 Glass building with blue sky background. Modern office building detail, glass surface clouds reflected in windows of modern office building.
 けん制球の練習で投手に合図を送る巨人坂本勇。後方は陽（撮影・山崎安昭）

-=-=-

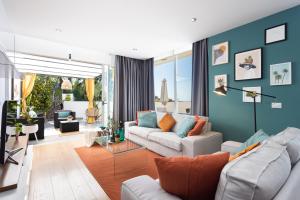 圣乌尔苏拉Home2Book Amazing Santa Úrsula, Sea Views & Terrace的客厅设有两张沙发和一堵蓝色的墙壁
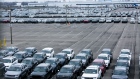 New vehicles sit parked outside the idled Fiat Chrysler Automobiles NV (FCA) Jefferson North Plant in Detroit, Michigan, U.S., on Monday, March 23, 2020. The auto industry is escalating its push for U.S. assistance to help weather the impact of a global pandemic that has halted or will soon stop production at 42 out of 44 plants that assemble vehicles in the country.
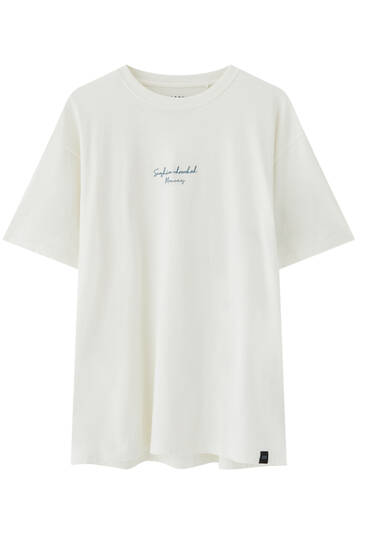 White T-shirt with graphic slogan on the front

-=-=-

-- YOUR TASK --
The expected output is exactly the lines of the listing above between the line holding "Glass building with" and the line holding "けん制球の練習で投手に合図を送る巨人坂本勇。後方は陽（撮影・山崎安昭）", inclusive.

-- WORKED SOLUTION --
 Glass building with blue sky background. Modern office building detail, glass surface clouds reflected in windows of modern office building.
 けん制球の練習で投手に合図を送る巨人坂本勇。後方は陽（撮影・山崎安昭）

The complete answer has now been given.